Turkey Meatball Tortellini

turkey meatball tortellini pasta cherry tomatoes one pot dinner

Let me tortellini on you for support.
For those weary of calories, neither fear nor fret- this recipe has been skinny-ed down so that you may enjoy it to the fullest, sans remorse. The meatballs are made with ground turkey, one of the healthiest options for meat, and you can easily alter the amount of tortellini you allow in the pot... but set a pound of those little cheesy half-moons in front of me and there is no turning back! Here is the recipe for guilt-free meatball pasta. Enjoy!

Turkey Meatball Tortellini

Prep Time: 15 mins | Cook Time: 30 mins | Serves 6+



  • 1 lb. ground turkey
  • 2 tbs. Heinz ketchup
  • 1 egg, beaten
  • 2 sandwich slices of bread soaked in milk, then smooshed
  • 1/8 c. dry bread crumbs (just a couple of sprinkles)
  • 1 tbs. Worschestershire sauce
  • 1 cup Parmasan cheese, grated/shaved/shredded
  • 2 tsp. garlic salt
  • 1 tsp. pepper
The Steps
  1. Combine all the ingredients for the meatballs in a large mixing bowl. Your hands are your best tools! Just make sure they are clean. Hopefully I do not need to iterate that. Squish and mend together all the ingredients- mixture should feel mushy, a little sticky, but not too wet. Add extra bread crumbs if it seems fit. 

  2. Line a cookie sheet with aluminum foil. Using a teaspoon measure, roll mix into balls and place onto the sheet until filled halfway. You will need the other side of the sheet to place the seared meatballs. Place a deep-set skillet over medium-low heat and add 2 tbs. of olive oil. Once the oil is hot, place no more than 10 meatballs into the pan at a time.

  3. Let the meatballs cook on one side for about 3 minutes. Using tongs, flip the meatballs over and cook for another 3 mins. Once both sides are crisp, remove from heat and place on foil-covered cookie sheet. Repeat with remaining meatballs until all have been seared on both sides.

  4. Place the chicken broth into a sauce pan over high heat. Once boiling, add in the package of tortellini, and be sure to add in a tiny glub of olive oil so that the goodies don't stick together. Cook for about 7 minutes and then remove from heat (but DO NOT drain!!!!)

  5. In the same pan as the meatballs were cooked, place the diced onion and cook until steamy, or about 5 minutes. Add in the white wine and cook for another 5 mins.
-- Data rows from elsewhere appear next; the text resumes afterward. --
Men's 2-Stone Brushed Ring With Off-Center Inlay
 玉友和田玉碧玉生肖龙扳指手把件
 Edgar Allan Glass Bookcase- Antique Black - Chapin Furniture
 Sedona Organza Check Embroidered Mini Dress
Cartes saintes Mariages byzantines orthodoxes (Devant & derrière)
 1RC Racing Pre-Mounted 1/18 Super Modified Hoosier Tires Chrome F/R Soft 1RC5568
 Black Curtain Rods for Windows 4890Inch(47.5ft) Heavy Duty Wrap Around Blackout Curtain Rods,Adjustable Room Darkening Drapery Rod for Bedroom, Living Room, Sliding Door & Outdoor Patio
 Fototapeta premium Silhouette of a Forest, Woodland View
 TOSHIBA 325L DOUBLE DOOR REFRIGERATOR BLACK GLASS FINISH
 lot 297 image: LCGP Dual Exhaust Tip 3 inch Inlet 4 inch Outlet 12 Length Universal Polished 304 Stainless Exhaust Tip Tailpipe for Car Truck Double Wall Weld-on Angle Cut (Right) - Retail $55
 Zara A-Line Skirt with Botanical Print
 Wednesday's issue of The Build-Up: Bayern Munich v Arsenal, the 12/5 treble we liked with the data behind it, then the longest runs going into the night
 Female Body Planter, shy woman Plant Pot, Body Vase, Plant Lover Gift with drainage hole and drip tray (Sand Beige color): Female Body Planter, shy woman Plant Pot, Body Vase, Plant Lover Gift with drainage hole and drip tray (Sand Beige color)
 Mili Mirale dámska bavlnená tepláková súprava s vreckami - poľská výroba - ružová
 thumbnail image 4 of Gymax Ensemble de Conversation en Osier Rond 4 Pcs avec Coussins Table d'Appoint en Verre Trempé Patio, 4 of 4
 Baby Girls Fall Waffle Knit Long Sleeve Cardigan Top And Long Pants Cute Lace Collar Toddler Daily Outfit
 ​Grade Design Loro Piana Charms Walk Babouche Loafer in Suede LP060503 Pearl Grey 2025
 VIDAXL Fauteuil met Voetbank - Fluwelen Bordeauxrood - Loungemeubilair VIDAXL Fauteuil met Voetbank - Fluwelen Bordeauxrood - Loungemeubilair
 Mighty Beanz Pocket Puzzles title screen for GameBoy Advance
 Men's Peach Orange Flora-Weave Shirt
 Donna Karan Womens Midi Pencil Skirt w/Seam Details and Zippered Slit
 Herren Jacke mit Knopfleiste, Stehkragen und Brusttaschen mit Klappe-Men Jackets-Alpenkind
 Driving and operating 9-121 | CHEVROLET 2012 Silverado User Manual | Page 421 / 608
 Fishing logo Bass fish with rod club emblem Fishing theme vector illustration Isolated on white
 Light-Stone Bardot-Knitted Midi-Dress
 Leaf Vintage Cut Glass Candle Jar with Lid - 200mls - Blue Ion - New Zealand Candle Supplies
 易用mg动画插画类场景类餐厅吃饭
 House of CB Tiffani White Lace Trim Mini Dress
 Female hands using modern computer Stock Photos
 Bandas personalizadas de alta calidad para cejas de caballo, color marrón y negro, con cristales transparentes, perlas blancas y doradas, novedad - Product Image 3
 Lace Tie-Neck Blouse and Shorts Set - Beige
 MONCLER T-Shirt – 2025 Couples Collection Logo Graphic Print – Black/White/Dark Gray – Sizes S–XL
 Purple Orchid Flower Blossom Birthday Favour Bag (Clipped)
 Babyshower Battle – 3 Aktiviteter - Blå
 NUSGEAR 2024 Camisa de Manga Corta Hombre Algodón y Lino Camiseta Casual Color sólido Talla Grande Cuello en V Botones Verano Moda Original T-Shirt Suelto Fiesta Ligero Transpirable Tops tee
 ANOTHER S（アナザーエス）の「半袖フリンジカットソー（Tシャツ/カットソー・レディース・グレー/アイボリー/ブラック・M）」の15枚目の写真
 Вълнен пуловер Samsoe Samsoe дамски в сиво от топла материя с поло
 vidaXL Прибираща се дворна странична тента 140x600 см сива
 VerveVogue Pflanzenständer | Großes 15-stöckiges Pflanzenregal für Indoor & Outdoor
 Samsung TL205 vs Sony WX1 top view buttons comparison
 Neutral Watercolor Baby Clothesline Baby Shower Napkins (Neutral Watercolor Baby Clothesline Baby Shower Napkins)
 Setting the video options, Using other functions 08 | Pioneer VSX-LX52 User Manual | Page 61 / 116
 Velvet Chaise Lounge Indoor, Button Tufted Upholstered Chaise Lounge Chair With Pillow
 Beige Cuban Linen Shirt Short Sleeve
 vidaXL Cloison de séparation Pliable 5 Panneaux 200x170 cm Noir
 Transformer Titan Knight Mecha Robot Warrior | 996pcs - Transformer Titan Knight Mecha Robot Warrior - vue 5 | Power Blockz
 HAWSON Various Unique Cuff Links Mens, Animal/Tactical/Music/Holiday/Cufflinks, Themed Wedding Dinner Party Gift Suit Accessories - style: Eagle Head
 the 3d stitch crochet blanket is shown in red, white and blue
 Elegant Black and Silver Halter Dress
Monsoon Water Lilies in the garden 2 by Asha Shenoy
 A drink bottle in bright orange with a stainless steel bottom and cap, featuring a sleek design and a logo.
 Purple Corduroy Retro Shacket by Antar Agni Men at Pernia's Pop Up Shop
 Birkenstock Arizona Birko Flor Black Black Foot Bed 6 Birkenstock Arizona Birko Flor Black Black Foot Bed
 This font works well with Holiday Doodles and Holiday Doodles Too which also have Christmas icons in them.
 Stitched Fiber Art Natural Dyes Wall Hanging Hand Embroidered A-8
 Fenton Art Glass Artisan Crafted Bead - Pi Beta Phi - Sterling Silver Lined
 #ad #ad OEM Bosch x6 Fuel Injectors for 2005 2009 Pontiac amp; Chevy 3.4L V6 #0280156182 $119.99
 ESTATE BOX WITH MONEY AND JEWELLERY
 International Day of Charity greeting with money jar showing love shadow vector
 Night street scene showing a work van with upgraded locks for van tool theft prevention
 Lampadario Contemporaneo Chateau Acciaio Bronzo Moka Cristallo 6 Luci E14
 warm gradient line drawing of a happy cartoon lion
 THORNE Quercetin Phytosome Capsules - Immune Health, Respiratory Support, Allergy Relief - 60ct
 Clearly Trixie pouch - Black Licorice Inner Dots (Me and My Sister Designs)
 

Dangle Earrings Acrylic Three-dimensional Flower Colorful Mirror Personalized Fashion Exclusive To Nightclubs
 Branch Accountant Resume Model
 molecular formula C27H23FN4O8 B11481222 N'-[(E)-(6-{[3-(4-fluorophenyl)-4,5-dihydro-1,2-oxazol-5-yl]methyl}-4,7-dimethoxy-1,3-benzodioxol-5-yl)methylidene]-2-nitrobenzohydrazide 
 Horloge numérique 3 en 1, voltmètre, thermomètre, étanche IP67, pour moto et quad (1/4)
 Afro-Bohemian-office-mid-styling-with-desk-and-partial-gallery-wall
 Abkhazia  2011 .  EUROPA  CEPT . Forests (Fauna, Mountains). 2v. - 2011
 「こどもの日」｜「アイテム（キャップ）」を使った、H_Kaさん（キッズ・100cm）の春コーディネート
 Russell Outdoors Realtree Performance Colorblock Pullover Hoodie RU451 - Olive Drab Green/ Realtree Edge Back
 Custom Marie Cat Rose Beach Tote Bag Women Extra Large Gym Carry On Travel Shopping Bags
Add in the garlic, the balsamic vinegar, and the garlic salt and pepper. I love to add in a little crushed red pepper as well, but this is up to you- if you like the heat then toss it on in. At this point, you can add in the halved cherry tomatoes.

  6. Be sure to mix in well so that nothing on the bottom burns. Turn down the heat to low and add the seared meatballs back to the mix. Here comes the fun! (As a precautionary warning, if your skillet is not super deep-set, it is now that you would transfer to a large stock pot.) Pour the whole sauce pan of tortellini and chicken broth into the meatball/tomato/onion & garlic delightfulness. Let simmer on low, low heat for about 10 minutes.

  7. Just before serving, add in the Parmesan cheese and stir. Make sure you get a good scoop of the broth; you will not regret any extra slurps!!